Identifying extended ASCII subset

Discussion in 'C++' started by kristofvdw@matt.es, Nov 7, 2005.

  1. Guest

    Hi,

    I have to treat a given text file, but haven't got a clue which
    extended ASCII set it is using.
    Opening the file in Windows' Notepad or in DOS, all accented letters
    and symbols are wrong.
    Any idea how to identify the subset used?
    Is there some text editor which can cycle easy through all known
    subsets, or even better: cycle subsets automatically until found a
    given test-string with some accents and symbols?
    If someone knows a solution which involves VB, C++, XML or whatever
    please don't hesitate sharing it with me.

    TIA,
    K
     
    , Nov 7, 2005
    #1
    1. Advertising

  2. Jim Mack Guest

    wrote:
    > Hi,
    >
    > I have to treat a given text file, but haven't got a clue which
    > extended ASCII set it is using.
    > Opening the file in Windows' Notepad or in DOS, all accented letters
    > and symbols are wrong.
    > Any idea how to identify the subset used?
    > Is there some text editor which can cycle easy through all known
    > subsets, or even better: cycle subsets automatically until found a
    > given test-string with some accents and symbols?



    If you expect a computer to do this for you, you're probably dreaming. Since the actual character codes don't change, only the visual representations, someone has to look at the result to make a judgement.

    If you have OCR code that will work on a memory bitmap, you could conceivably draw out the characters using a given code page and try to OCR the result, but even then I don't see any way to tell one 'close' result from another.

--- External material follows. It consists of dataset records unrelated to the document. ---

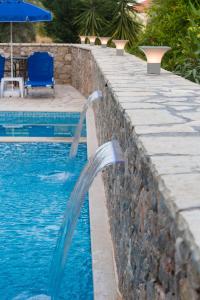 a pool with water shooting out of a retaining wall at Hotel Nostos in Nydri
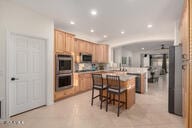14687 W Amelia Ave, Goodyear, AZ 85395 - kitchen featuring stainless steel double oven, a kitchen breakfast bar, recessed lighting, light brown cabinets, and a kitchen island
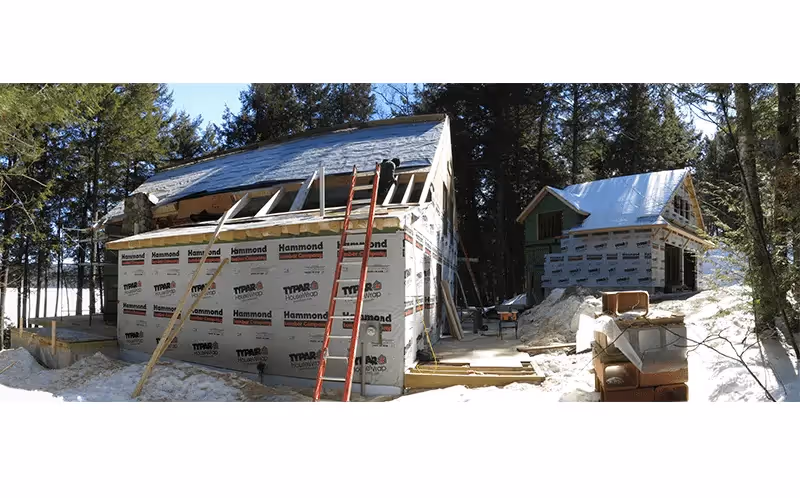 House under construction in snowy wooded area with ladders and building materials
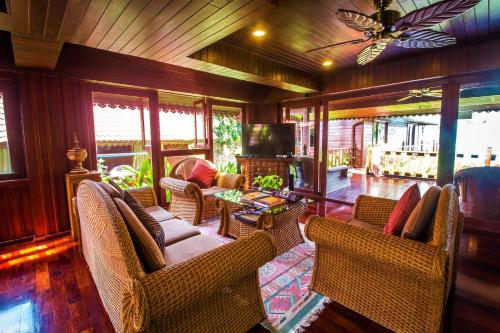 a living room with wicker chairs and a table at Erawan Villa Hotel in Bangrak Beach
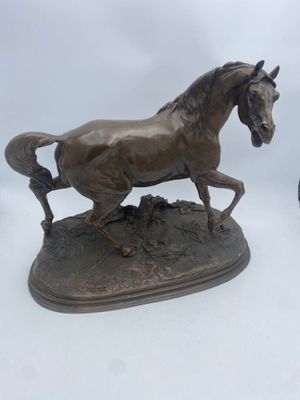 two bronze statues of a horse and a bird on a white surface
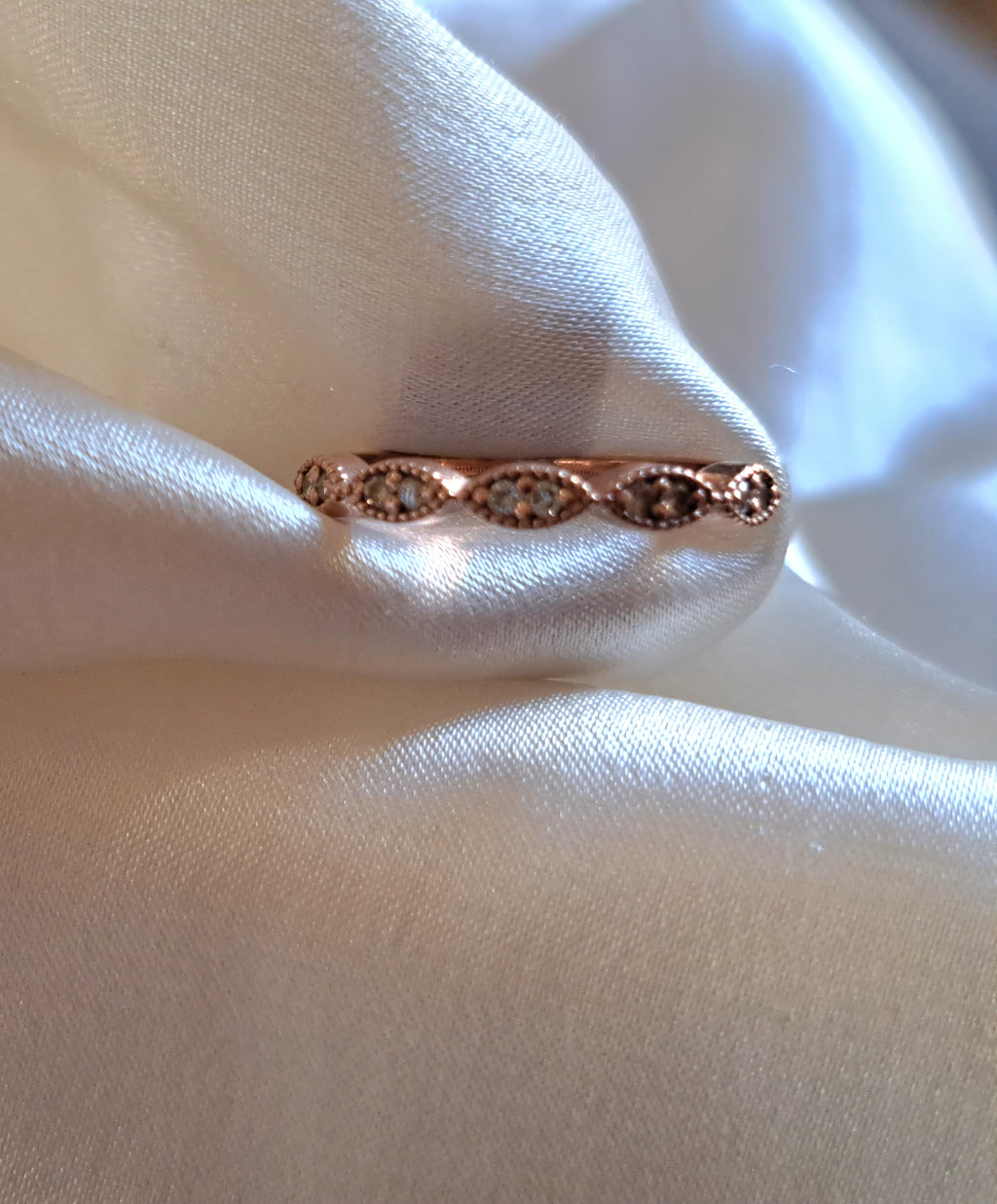 1.3mm round diamond scollop half eternity band.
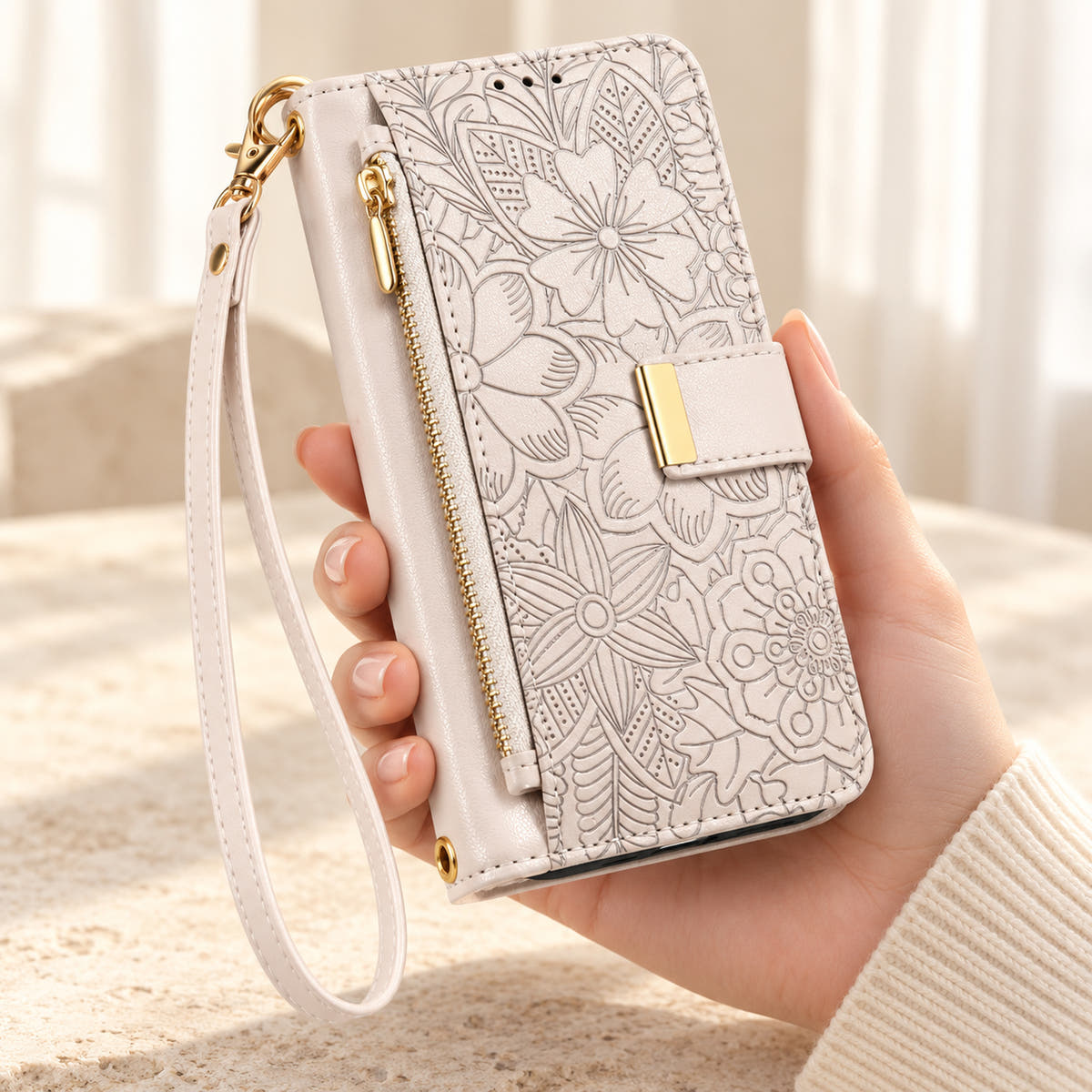 White floral iPhone wallet case held in hand, showing embossed flowers, gold-tone closure, front zip pouch and matching wrist strap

    What is it you need to do to the text, that requires you to know what the codes represent?

    --

    Jim Mack
    MicroDexterity Inc
    www.microdexterity.com
     
    Jim Mack, Nov 7, 2005
    #2
    1. Advertising

  3. On Mon, 07 Nov 2005 05:08:37 -0800, kristofvdw wrote:
    > I have to treat a given text file, but haven't got a clue which
    > extended ASCII set it is using.


    Files contain bytes. Bytes are numerical values. There are no ASCII sets
    or extended ASCII sets, AFA files are concerned. It's all in _our_ minds.
    To make your program understand and tell one set from another, you need to
    basically *teach* it the same "algorithm" _you_ are using to differentiate
    those sets.

    > [...]


    And avoid cross-posing to too many newsgroups at once. It makes your post
    that more irrelevant in many newsgroups.

    V
     
    Victor Bazarov, Nov 7, 2005
    #3
  4. In article <>,
    <> wrote:
    >I have to treat a given text file, but haven't got a clue which
    >extended ASCII set it is using.
    >Opening the file in Windows' Notepad or in DOS, all accented letters
    >and symbols are wrong.
    >Any idea how to identify the subset used?


    You can get Mozilla's character set guesser:

    http://www.mozilla.org/projects/intl/chardet.html

    There's a Java version too:

    http://jchardet.sourceforge.net/

    -- Richard
     
    Richard Tobin, Nov 7, 2005
    #4
  5. Peter Flynn Guest

    wrote:

    > Hi,
    >
    > I have to treat a given text file, but haven't got a clue which
    > extended ASCII set it is using.
    > Opening the file in Windows' Notepad or in DOS, all accented letters
    > and symbols are wrong.
    > Any idea how to identify the subset used?
    > Is there some text editor which can cycle easy through all known
    > subsets, or even better: cycle subsets automatically until found a
    > given test-string with some accents and symbols?
    > If someone knows a solution which involves VB, C++, XML or whatever
    > please don't hesitate sharing it with me.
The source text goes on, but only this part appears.